In the sunlit ambiance of Wellington, New Zealand, a battle of wills played out as Spain clashed with the Netherlands for a place in the Women’s World Cup semi-finals. At the heart of it was Salma Paralluelo, the 19-year-old who could’ve been sprinting for Spain but chose football instead. In the end, it was her precision strike in the 111th minute that made all the difference.
Salma Paralluelo: From Track to Pitch
Paralluelo, holding the national under-20 record for the 400 meters, traded the track for the football pitch, a decision Spain will forever cherish. She demonstrated her prowess when, deep into extra time, she gathered a pass from Jenni Hermoso, sidestepped a defender, and coolly netted a low, left-footed shot past the ever-solid Dutch keeper, Daphne van Domselaar. The goal not only propelled Spain into the semi-finals but also marked her as Spain’s youngest scorer at a Women’s World Cup.

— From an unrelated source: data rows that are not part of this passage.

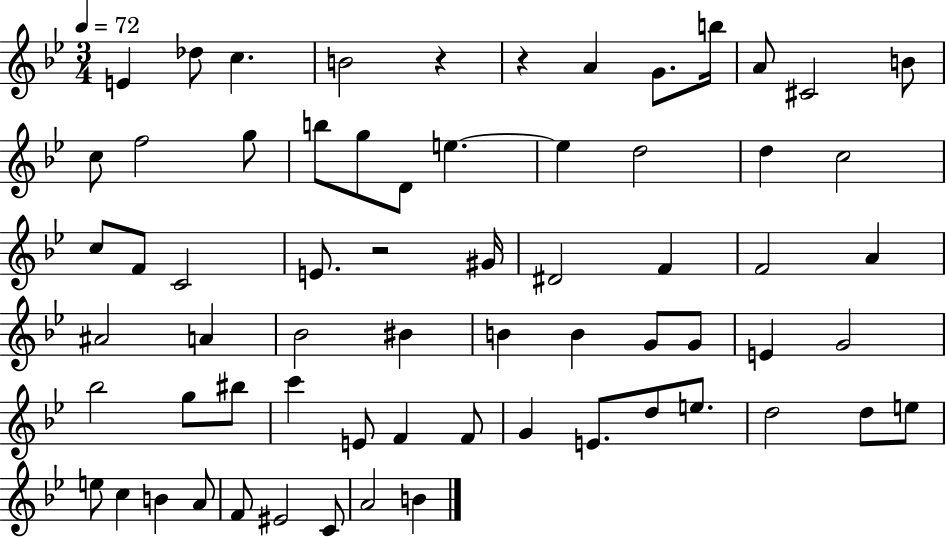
X:1
T:Untitled
M:3/4
L:1/4
K:Bb
E _d/2 c B2 z z A G/2 b/4 A/2 ^C2 B/2 c/2 f2 g/2 b/2 g/2 D/2 e e d2 d c2 c/2 F/2 C2 E/2 z2 ^G/4 ^D2 F F2 A ^A2 A _B2 ^B B B G/2 G/2 E G2 _b2 g/2 ^b/2 c' E/2 F F/2 G E/2 d/2 e/2 d2 d/2 e/2 e/2 c B A/2 F/2 ^E2 C/2 A2 B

Her elation was palpable. “It means everything for me, it was a unique moment, great euphoria… I’m extremely happy,” Paralluelo exclaimed.
VAR Drama Takes Center Stage
But this quarter-final was not solely the Salma show. Throughout the game, the Video Assistant Referee (VAR) played a decisive role, invoking moments of joy, despair, and controversy for both teams. Spain’s Esther Gonzalez’s goal was ruled out after a VAR check, while the Dutch felt aggrieved when a penalty call in their favor was overturned. The technology again came to the fore, declaring a handball by Dutch veteran Stefanie van der Gragt, leading to Mariona Caldentey converting an 80th-minute penalty.
The Dutch manager, Andries Jonker, voiced his feelings, “VAR did not do its work properly, but Spain deserved to win.”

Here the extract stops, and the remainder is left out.